Assiste, assim, legitimidade processual aos Autores que representam o tutelando menor, não se verificam excepções ou questões prévias que obstem ao conhecimento do mérito da causa.
II- FUNDAMENTAÇÃO DE FACTO
Resulta provado com relevo para a decisão:
Por decisão proferida pelo Tribunal Judicial de Base, Juízo de Família e de Menores, Região Autónoma Especial de Macau, aos 14/10/2022, transitada em julgado em 31/10/2022 foi decretada a adopção de F … pelo A … passando o menor a chamara-se C ….
Por decisão proferida pelo mesmo Tribunal aos 25/7/2023 transitada em julgado em 10/8/2023 foi decretada a adopção de C … por B ….
A … e B … casaram entre si aos 17/12/2021 na Conservatória do Registo Civil de Macau, República Popular da China, conforme averbamento … de …/…/2022 ao assento de nascimento da nubente A … com o n.º … de 2008 da ….ª Conservatória do Registo Civil de Lisboa.
III- FUNDAMENTAÇÃO DE DIREITO
A revisão de sentença estrangeira ou acto equiparado com vista a operar efeitos jurisdicionais na ordem jurídica nacional é de natureza formal, envolvendo, tão-só, a verificação da regularidade formal ou extrínseca da sentença revidenda, não pressupondo, por isso, a apreciação dos fundamentos de facto e de direito da mesma.

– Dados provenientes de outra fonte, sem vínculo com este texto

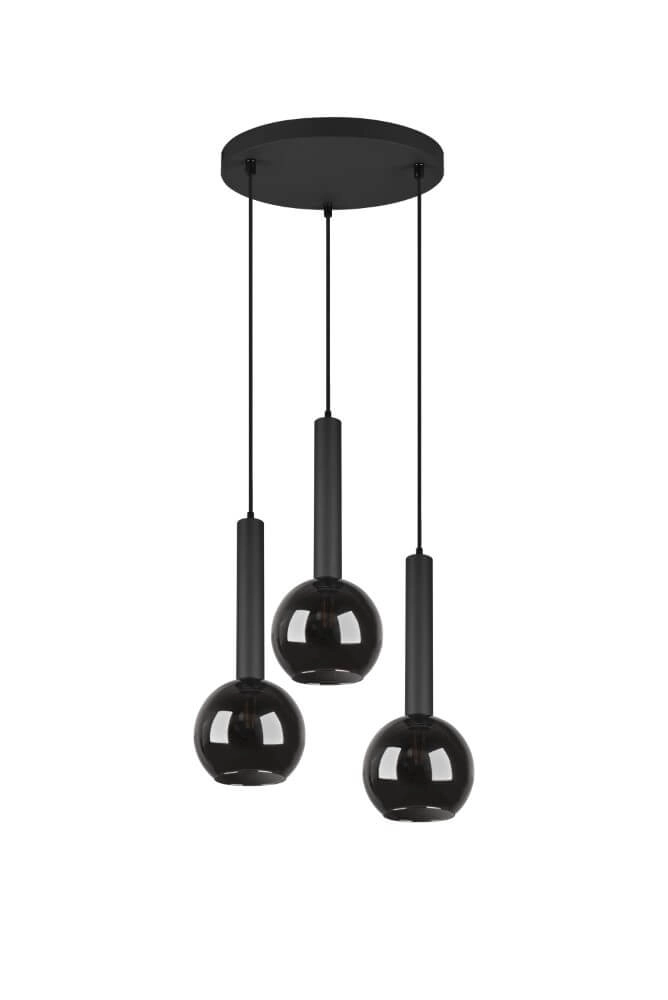 Lampe suspendue 3 lumières Clayton noir Trio 4017807522488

Atento o disposto no art.º 1096, do C.P.C, constituem requisitos de revisão:
Ausência de dúvidas sobre a autenticidade e sobre a inteligibilidade do documento de que conste sentença;
Trânsito em julgado da sentença;
Sentença de tribunal estrangeiro cuja competência não tenha sido provocada com fraude à lei e que não verse sobre matéria da exclusiva competência dos tribunais portugueses;
Que não possa invocar-se as excepções de litispendência ou caso julgado, com fundamento em causa afecta a tribunal português, excepto se foi o tribunal estrangeiro que preveniu a jurisdição;
Citação do réu, nos termos da lei do país de origem e observância dos princípios do contraditório e da igualdade das partes;
Não conter a sentença decisão cujo reconhecimento conduza a um resultado manifestamente incompatível com os princípios de ordem pública internacional do Estado Português;
Sabendo-se que se impõe ao tribunal o conhecimento oficioso da verificação dos pressupostos a que se referem as alíneas a) a c) e f) do art.º 980 do C.P.C., há que concluir que na situação em apreço se verificam todas as condições exigidas pela lei para a revisão e confirmação da sentença estrangeira.

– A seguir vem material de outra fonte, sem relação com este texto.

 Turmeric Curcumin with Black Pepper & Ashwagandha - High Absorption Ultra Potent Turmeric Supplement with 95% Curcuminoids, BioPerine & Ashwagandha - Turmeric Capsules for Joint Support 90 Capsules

Não se suscitam dúvidas quanto à autenticidade e inteligibilidade dos documentos juntos pelos requerentes; por outro lado, ainda, a decisão do tribunal estrangeiro não conduziu a um resultado incompatível com os princípios de ordem pública internacional do Estado português, como se explicará.
No que concerne aos restantes pressupostos, ou seja, o cumprimento dos princípios do contraditório e da igualdade das partes, inexistência de situação de litispendência ou de caso julgado com fundamento em causa afecta a um tribunal português, trânsito em julgado das sentenças revidendas (certificado), face aos elementos documentais juntos aos autos é de entender que estão verificados. Não existe fundamento para considerar que a competência do Tribunal Judicial de Base, Juízo de Família e de Menores, Região Autónoma Especial de Macau, foi determinada em fraude à lei.

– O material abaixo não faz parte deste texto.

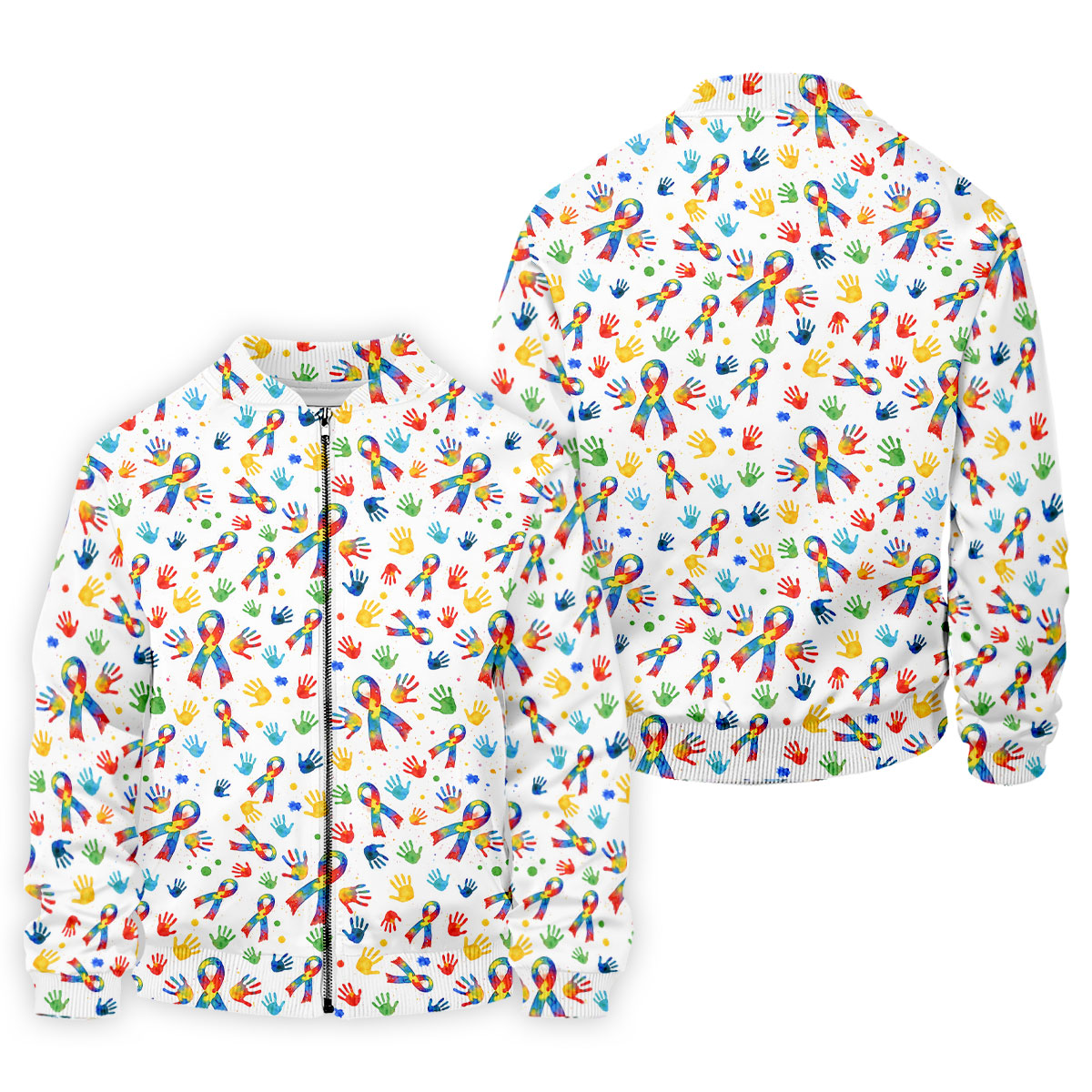 Colorful Handprints Autism Ribbon Golf Tops For Men, Autism Awareness Color Golf Shirts For Men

Resulta da decisão recorrida que logo após o nascimento da criança- filho de pai incógnito-, a mãe biológica entregou-o numa instituição, por não conseguir tratar dele, designadamente por não ter condições financeiras, houve confiança administrativa com vista à adopção em processo de 2021, desde essa data que a criança vive com a requerente sua família tendo o tribunal da decisão revidenda entendido dispensar o consentimento com base no art.º 1831 do antigo CCiv aplicável em Macau, com correspondência no nossos actual 1979 do CCiv. A revisão é meramente formal como resulta da lei e é reconhecido pela doutrina e jurisprudência.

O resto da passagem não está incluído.